Il est un joueur qui tente beaucoup sa chance derrière la ligne à trois-points pour une réussite qui laisse à désirer. Il n’est en effet qu’à 34,9 % sur 7,7 tentatives par rencontre depuis 2021. On se souvient d’ailleurs qu’il était extrêmement décrié en début de carrière en raison de sa maladresse (80 de TS+ en saison rookie). 

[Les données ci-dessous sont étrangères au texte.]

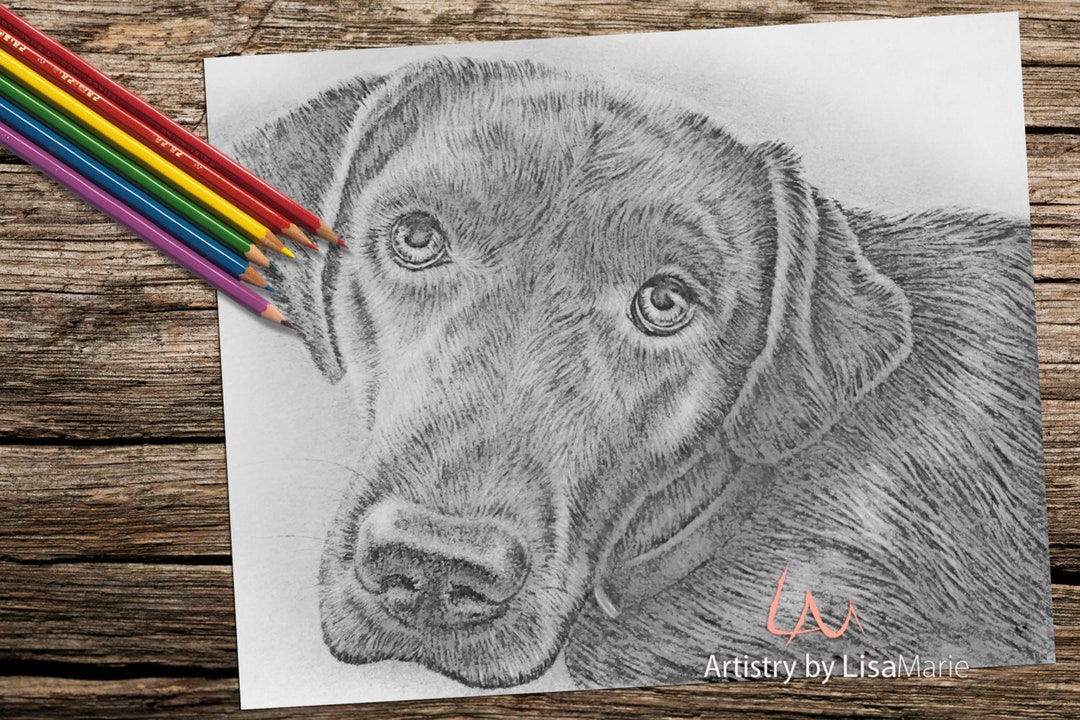 Labrador Coloring Book Page Adult Coloring Book Coloring - Etsy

Cette réussite assez moyenne s’explique par sa sélection de shoots très compliqués. Il prend un malin plaisir à scorer sur ses défenseurs, en cherchant notamment l’action d’éclat pour les humilier. C’est donc pour cela qu’il tente beaucoup de tirs très contestés, ce qui peut expliquer cette maladresse étonnante en raison de son profil. 

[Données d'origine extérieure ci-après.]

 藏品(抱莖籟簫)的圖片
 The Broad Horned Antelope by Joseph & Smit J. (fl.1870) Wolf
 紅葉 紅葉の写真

Face à Toronto le 18 décembre 2022, Jordan Poole bat son record en carrière en inscrivant 43 points avec notamment 5 tirs à trois-points. – Photo : Cole Burston / Getty Images

Il est par ailleurs un grand fan de pull-up puisque ce type de shoot représente une part importante de ses tentatives (5,9 par rencontre) pour une faible réussite (34,0 %). Ce sont des positions de tirs qui sont plus compliquées à sanctionner — avec donc plus de déchets — mais qui peuvent également faire déjouer la défense adverse. On se souvient par exemple de sa série contre Denver en 2022 où Poole s’était montré à son avantage (21,0 points à 54,8 % dont 48,4 % de loin) en attaquant constamment le drop des Nuggets.

Mais en raison de son attrait pour le shoot, il arrive souvent que « JP3 » ne soit pas assez agressif pour conclure proche du cercle (24 % de ses tentatives la saison dernière). Cela est d’autant plus frustrant quand on sait qu’il affiche une très bonne réussite (68 %) grâce à son jeu de jambes excellent qui lui permet de finir de manières spectaculaires. 

Un ball-handler élite 

Si l’élégance devait avoir un porte-drapeau en NBA, nul doute que Kyrie Irving serait le fière représentant de toute une génération de jeunes qui se sont émerveillés devant ses dribbles plus extravagant les uns que les autres. Et Jordan Poole s’est bien évidemment inspiré de Uncle Drew puisque celui que l’on surnomme « Swaggy Poole » est un joueur fabuleux à voir avec la balle. 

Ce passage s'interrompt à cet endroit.